Sam Willis, John’s father, said it’s time for the family to move on.

“It’s just normal to go on and not pamper him,” he said. “He’s gone through treatment, and now we’ve got to drive on. We can’t be stagnant and worry.”

John was diagnosed with anaplastic large cell lymphoma following a doctor’s visit for pain under his arm in January. Lymphoma is the most common blood cancer, according to the Lymphoma Research Foundation. The two main forms are Hodgkin lymphoma and non-Hodgkin lymphoma, which includes the version John was diagnosed with.

The disease also was found in nine other areas of his body. Since the discovery, John has received chemotherapy treatments and a minor surgical procedure where a port was installed to avoid repeated needle injections. The port was removed last week, John said.

Teachers and students at , where he attends, rallied for him during a Relay For Life of Cobb County event in May.
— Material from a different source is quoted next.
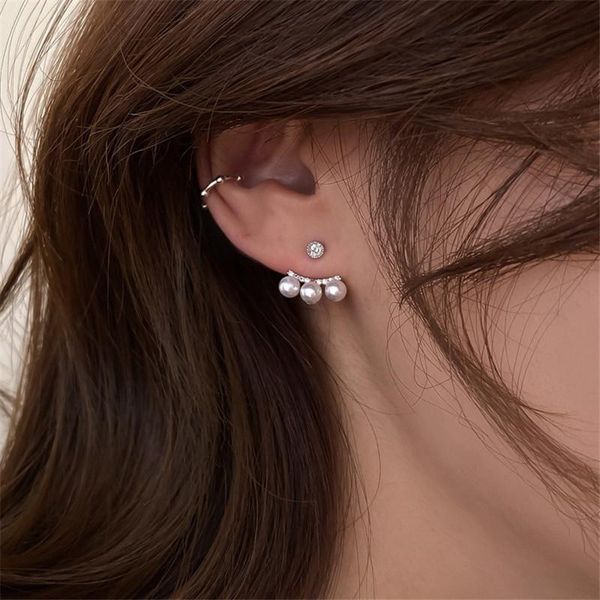 

korea fashion shiny crystal imitation pearl stud earrings for women girls simple chic jewelry wedding gifts, Golden;silver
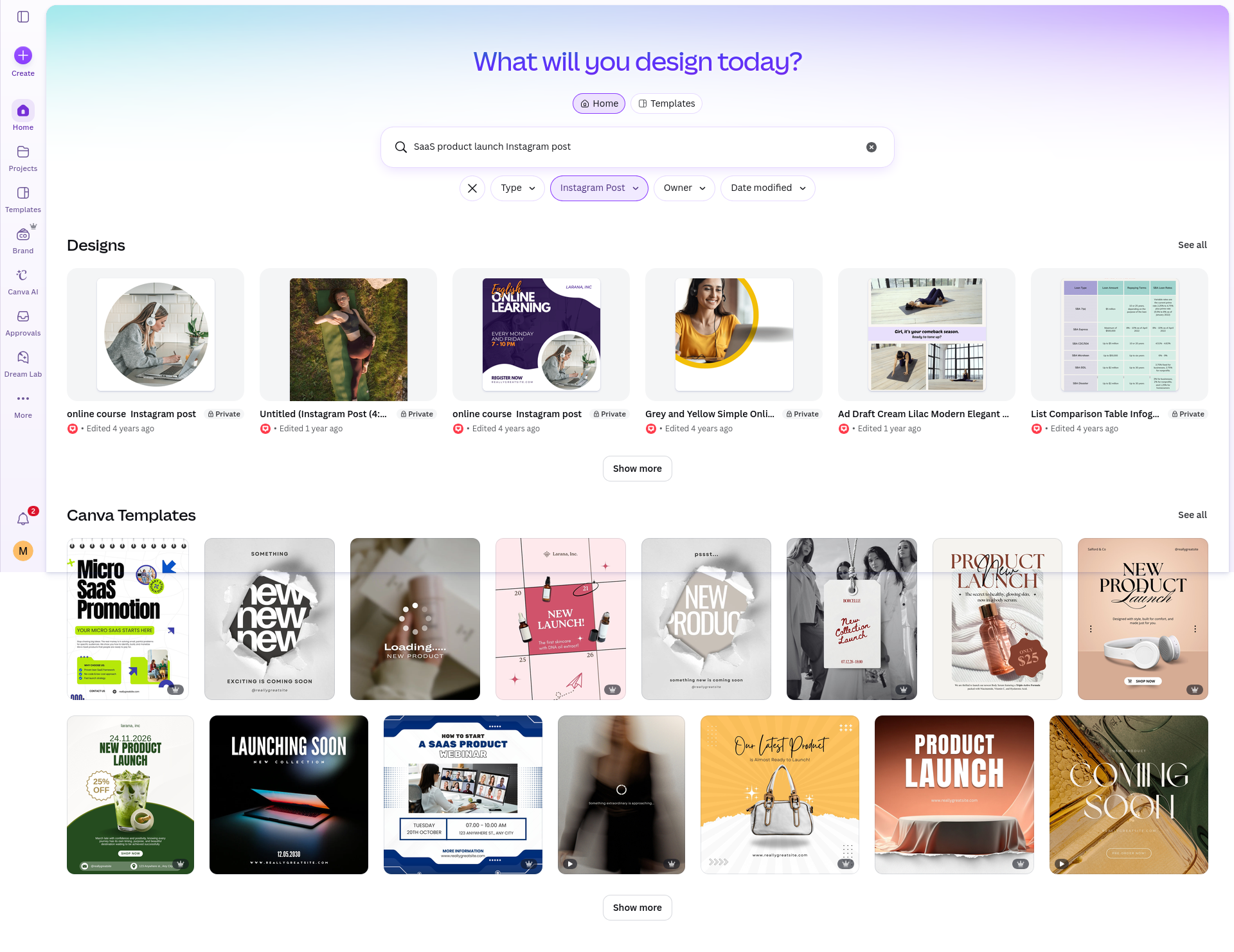 Instagram Post-filtered Canva template results showing multiple launch and product templates; this demonstrates how quickly filtering reduced the broader search to relevant social layouts.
Prayer groups from as far away as California and Utah reached out to the Willis family.

“We’re so blessed to have great friends,” said John’s mother, Lisa. “We really did feel covered in friends and in prayer, and Children’s (Healthcare of Atlanta at Egleston) was phenomenal.”

John is excited to return to school Monday. Ethel Shockley, an attendee of Saturday's celebration and John's seventh-grade math teacher, said that even while he was away from school, he always was three weeks ahead in his course work.

He came to a meet-and-greet at the school last week, she said, "and we’re all so pleased to see him."